But the sports video world also seems to be on the cusp of generational change in distribution and business models, in the same way that fans enter 2023 expecting that the era of Messi and Renaldo (or Brady and Rogers) may be giving way to new attention-grabbers.

Shifting ownership trends

One big shift underway already – one sure to accelerate in 2023 – regards ownership. We’ve seen sovereign wealth funds and other quasi-state actors buying football clubs for some years, but it was just last week that the NBA signaled receptivity to these funds and other institutions becoming minority investors in franchises in the wake of escalating team valuations. And the edge case on that spectrum is playing out at a league level too, with Saudi Arabia’s sovereign fund’s LIV Golf heading into a second season that offers more tournament dates and no reduction in the off-links drama.

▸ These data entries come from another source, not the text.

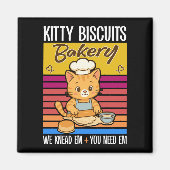 Cat Kneading Baker Kitty Biscuits We Knead Em You マグネット (正面)
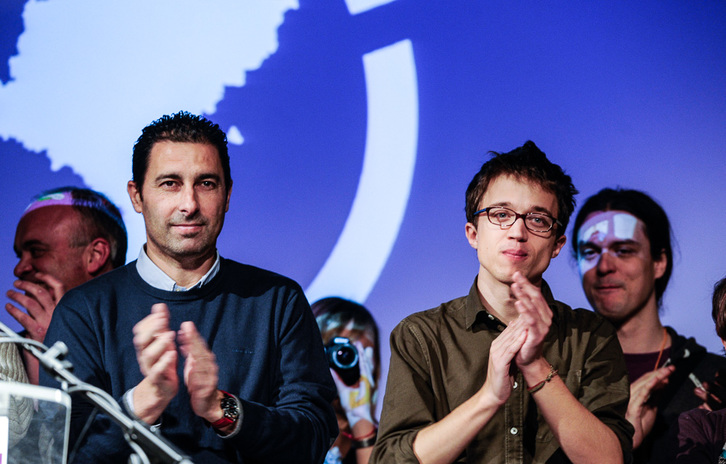 Joan Bosch e Iñigo Errejon, durante el acto. (Jagoba MANTEROLA)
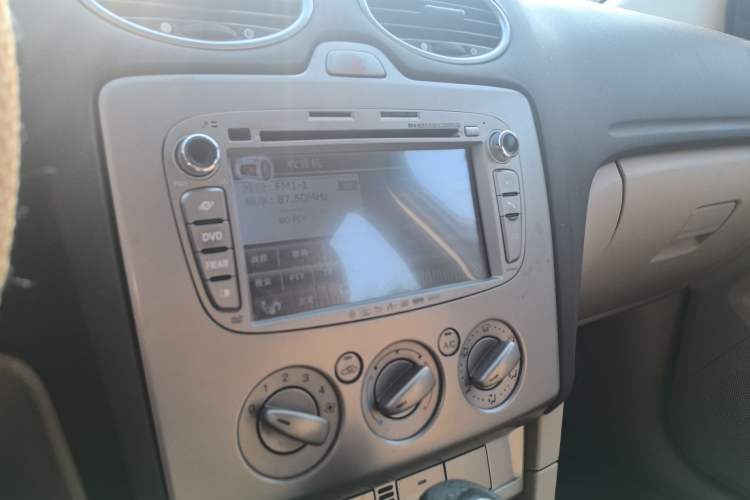 Used Ford Focus 2012 Sedan Classic 1.8L Automatic Base Model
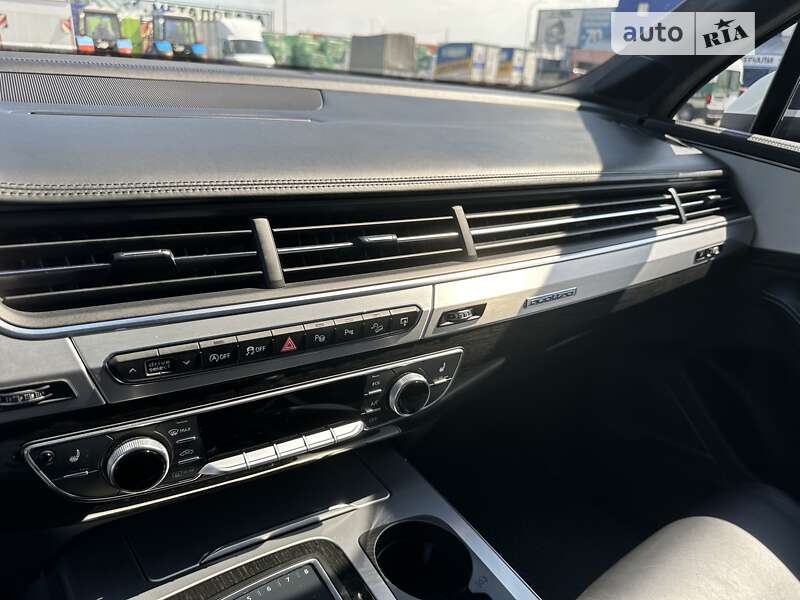 Позашляховик / Кросовер Audi Q7 2016 в Черкасах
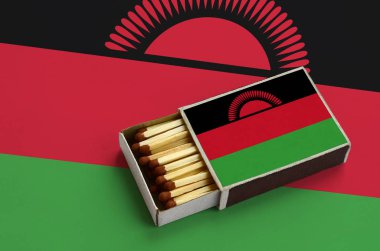 Malavi bayrak açık bir kibrit kutusu içinde gösterilen hangi dolu maçlar ve büyük bir bayrak üzerinde yatıyor.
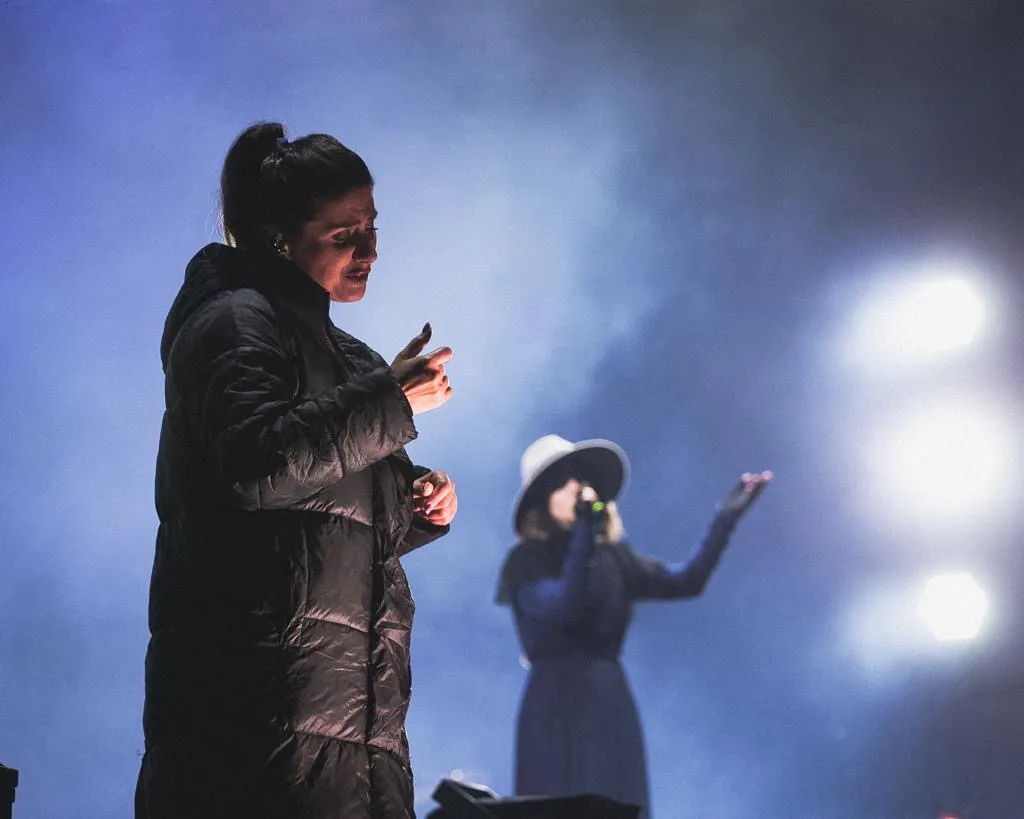 Lavinia Chițu, interpretând în limba semnelor române unul dintre concertele din cadrul „Timișoara 2023 la nesfârșit”. Foto: Ovidiu Ronin. Sursa: https://www.facebook.com/centruldeproiectetimisoara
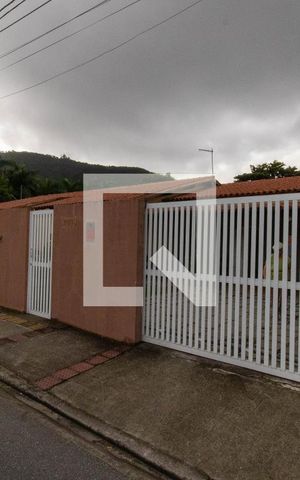Casa à venda com 710m², 4 quartos e 4 vagas Casa à venda com 710m², 4 quartos e 4 vagasFachada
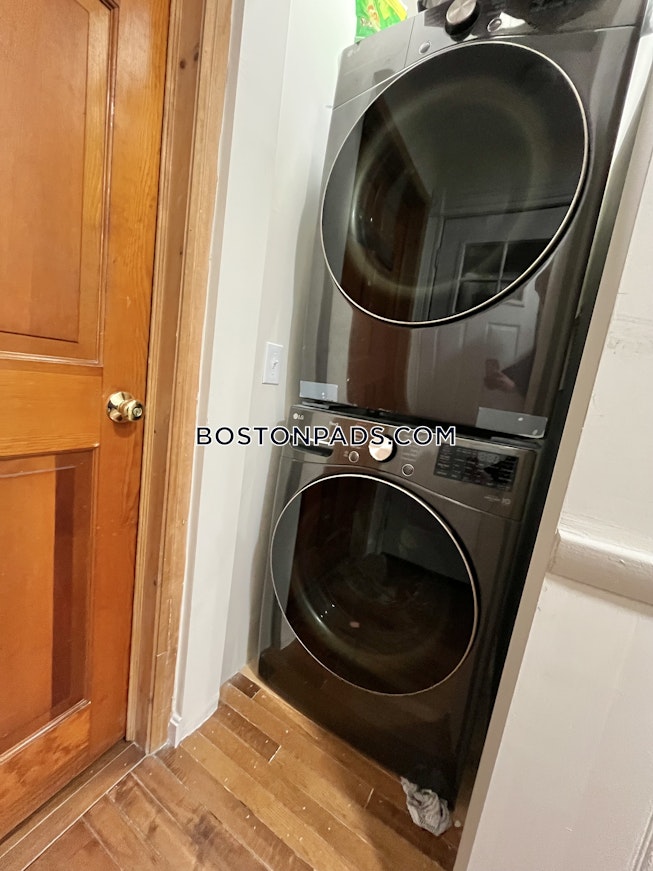 Boston - $4,050+ /mo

More frequent and just as intriguing are the financial players (PE funds, SPACs and the like) investing in big chunks of leagues and teams without going for full ownership or operating control. LaLiga in Spain did two deals of this type this year (media rights to CVC, and technology development and operation with Globant), and the outside investments in specific categories of league assets is sure to become more complex and more popular in the new year.

Generational change in distribution operates at many levels, beginning with the preferences of Millennials and the cohorts following them to want all content available on all devices and with choices of business models. Streaming’s growth saw new services launch in 2022; ongoing cordcutting and more cord-nevers; and traditional distributors try to determine which sports (and how many games) they need to stem the tide.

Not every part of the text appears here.